→ **Data for this exercise**
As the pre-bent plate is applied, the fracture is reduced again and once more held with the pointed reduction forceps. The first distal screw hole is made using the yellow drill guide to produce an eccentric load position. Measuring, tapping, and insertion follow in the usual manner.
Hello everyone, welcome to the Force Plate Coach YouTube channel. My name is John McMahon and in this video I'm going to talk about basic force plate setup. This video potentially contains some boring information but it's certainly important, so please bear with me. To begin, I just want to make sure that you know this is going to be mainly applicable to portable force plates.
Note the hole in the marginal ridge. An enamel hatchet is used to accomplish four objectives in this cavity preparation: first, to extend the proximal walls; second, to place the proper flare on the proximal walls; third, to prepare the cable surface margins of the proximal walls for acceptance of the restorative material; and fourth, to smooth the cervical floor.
--
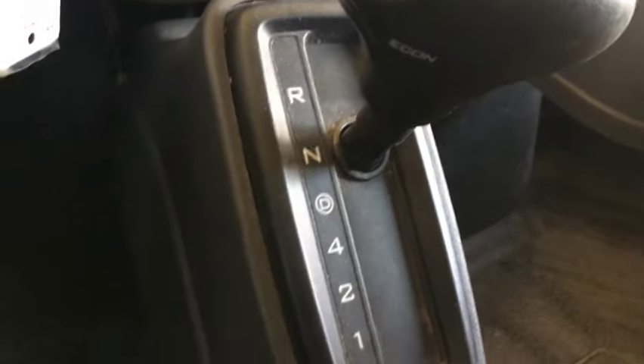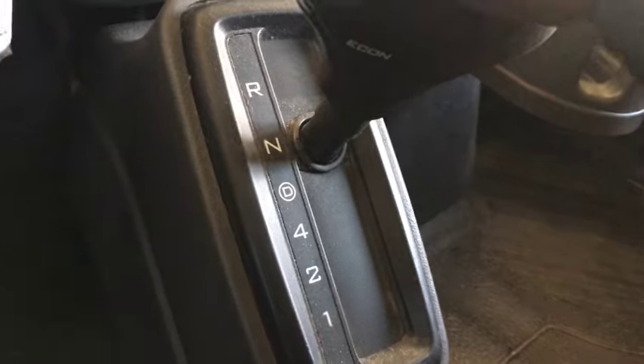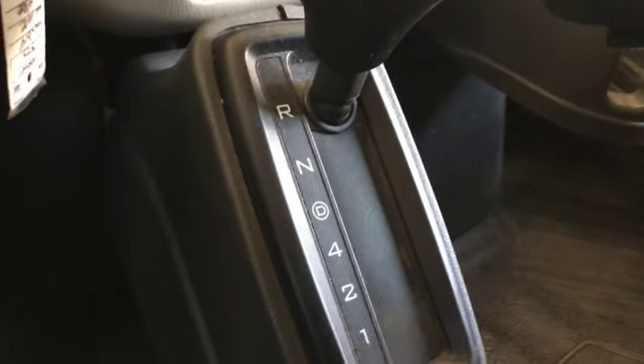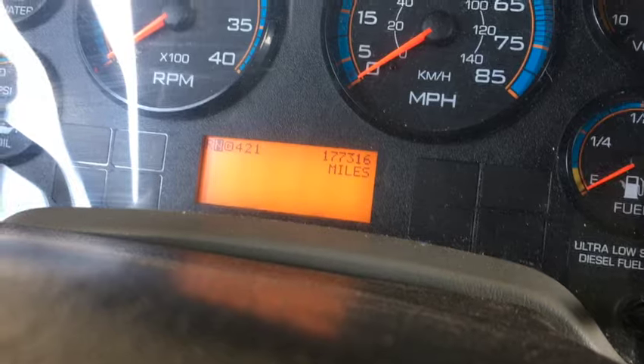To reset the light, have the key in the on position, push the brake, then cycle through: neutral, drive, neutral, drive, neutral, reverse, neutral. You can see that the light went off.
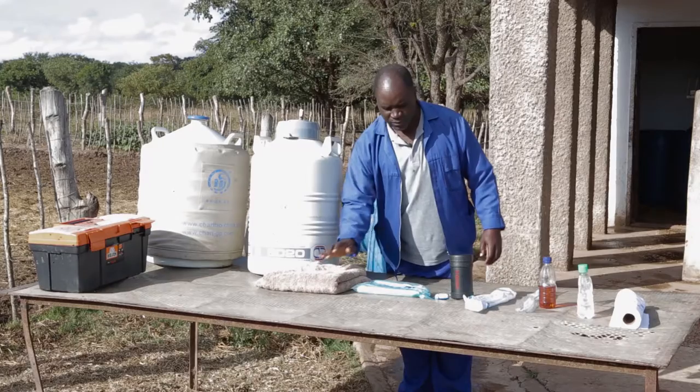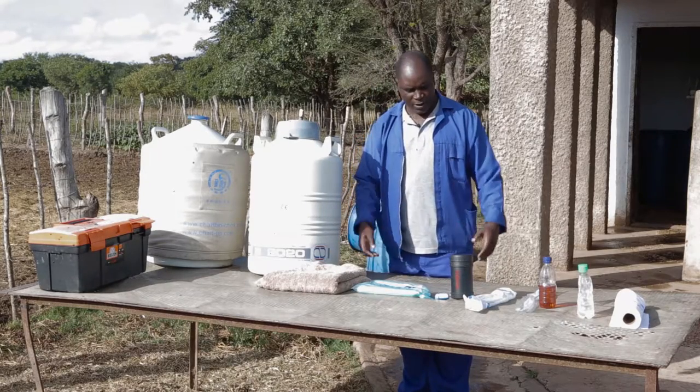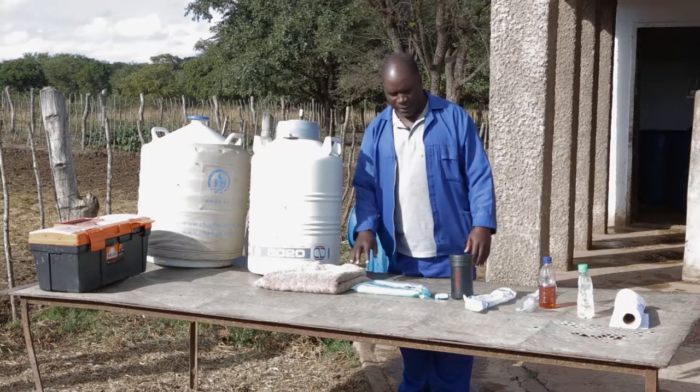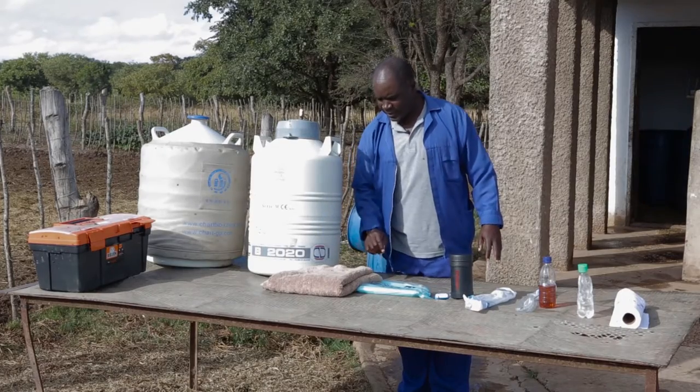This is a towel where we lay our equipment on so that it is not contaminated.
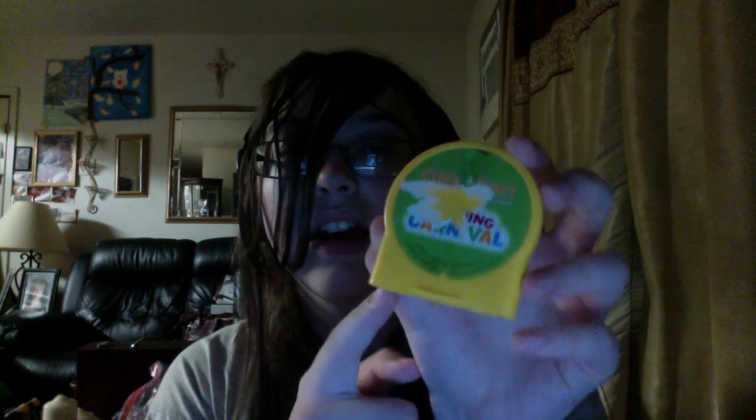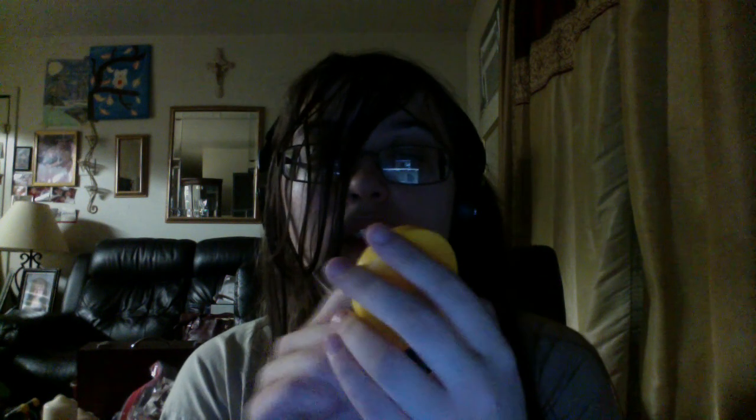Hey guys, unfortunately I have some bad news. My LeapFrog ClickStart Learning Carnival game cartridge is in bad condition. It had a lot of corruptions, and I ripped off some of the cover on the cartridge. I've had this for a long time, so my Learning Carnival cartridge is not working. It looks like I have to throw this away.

→ **Goal of the exercise**
Within the material above, only the stretch from the line holding "To reset the" through the line holding "This is a towel" is to be restated exactly. Pictures are dropped.

→ **Expected answer**
To reset the light, have the key in the on position, push the brake, then cycle through: neutral, drive, neutral, drive, neutral, reverse, neutral. You can see that the light went off.
This is a towel where we lay our equipment on so that it is not contaminated.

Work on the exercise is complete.